I hoped I wouldn’t have to use my phone, because that would probably mean getting in big trouble with Granpy. I felt bad about breaking his rule about not going into the haunted house, but Granpy also says that sometimes you have to take a risk to do the right thing. I was trying to help someone, so finally I decided it was the right thing to do, and I climbed up the tree and hopped over the fence and put my feet down on the table and tested that I could reach the branch (I could), and then I got down on the ground, and the girl was gone.

Before I had time to wonder where she went, I heard the back door of the house close. It was a screen door, a really light one with a metal frame, and it made a thwack sound as it closed, not a thump or a thud like a big, heavy door would make.
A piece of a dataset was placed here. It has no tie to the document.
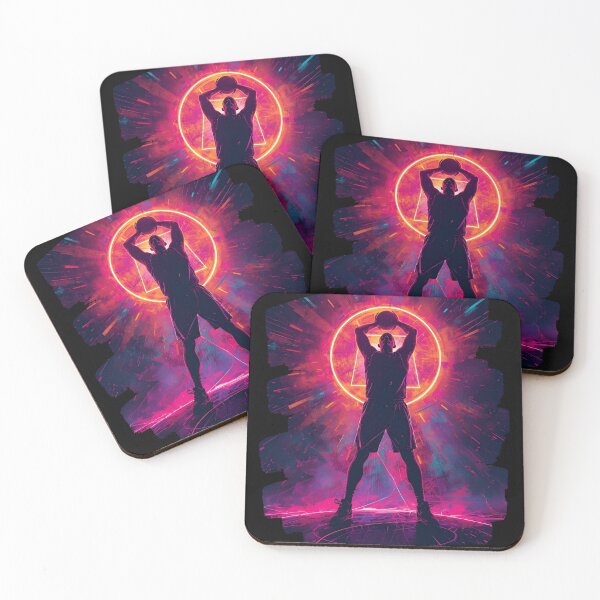 Item preview, Basketball Player silhouette standing tall with glowing hoop behind 11 designed and sold by Neon G.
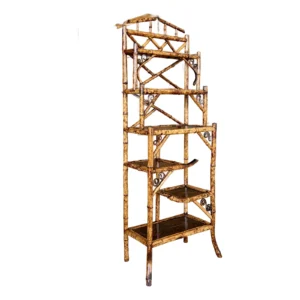 Late 19th Century Victorian Aesthetic Movement Refinished Bamboo and Japanned Étagère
I glanced around the yard and saw some rusty old tools and a few broken pieces of things I couldn’t identify, plus lots and lots and lots of plants. Mostly it was really tall grass, but there were vines, too, and some poison ivy along the fence (which I was very careful not to touch), and a few baby trees, and in one area, there was even a pumpkin patch with a few little pumpkins growing on it. I guess that used to be somebody’s garden. Anyway, I didn’t want the girl to get too far away from me, so I gave up on looking at the back yard, and I opened the back door and stepped inside the house.

Dusty. That was the first word I could think of. I had thought that maybe it would be moldy inside, which would be Bad News because mold is dangerous and I have allergies, but I didn’t smell any mold at all. The air was Bone Dry, and where beams of sunlight were shining in through the windows, there were great big pieces of dust floating everywhere. Dusty, musty, fusty, dim. I whispered that to myself a few times while I looked around and got my bearings.
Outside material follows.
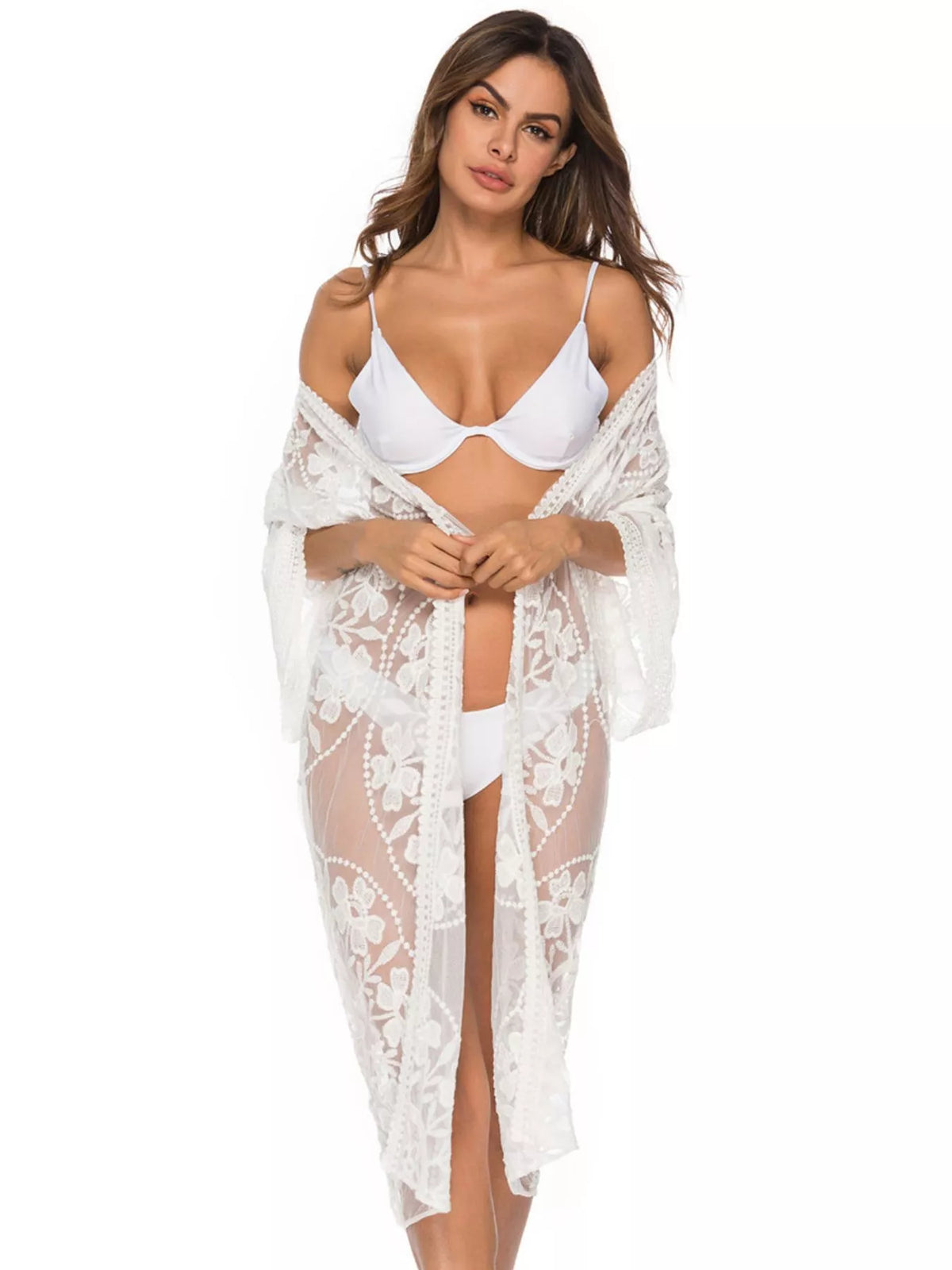 Floral Lace Sheer Kimono Cover-Up - Lilixa.store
I was standing on a sort of porch. The outside walls were thin and made of the same metal as the door, with big screened windows in them, but there was so much dust on the windows that you could barely see outside. On the floor was a mess of old magazines and broken flower pots, and a few dented wooden chairs that didn’t match, and a small table made out of one of those giant wooden spools that they use for electrical cables. There was an old man sitting on one of the chairs, with a straw hat, reading a magazine and frowning at it. He didn’t look up at me, so I decided not to bother him for the moment. I know I don’t like to be interrupted when I’m reading. It wouldn’t be good manners.

There was a door leading further into the house. This one was a big wooden door, the kind that would go thud if you closed it fast, but it was wide open. I took one step inside, and that’s when I heard the screams.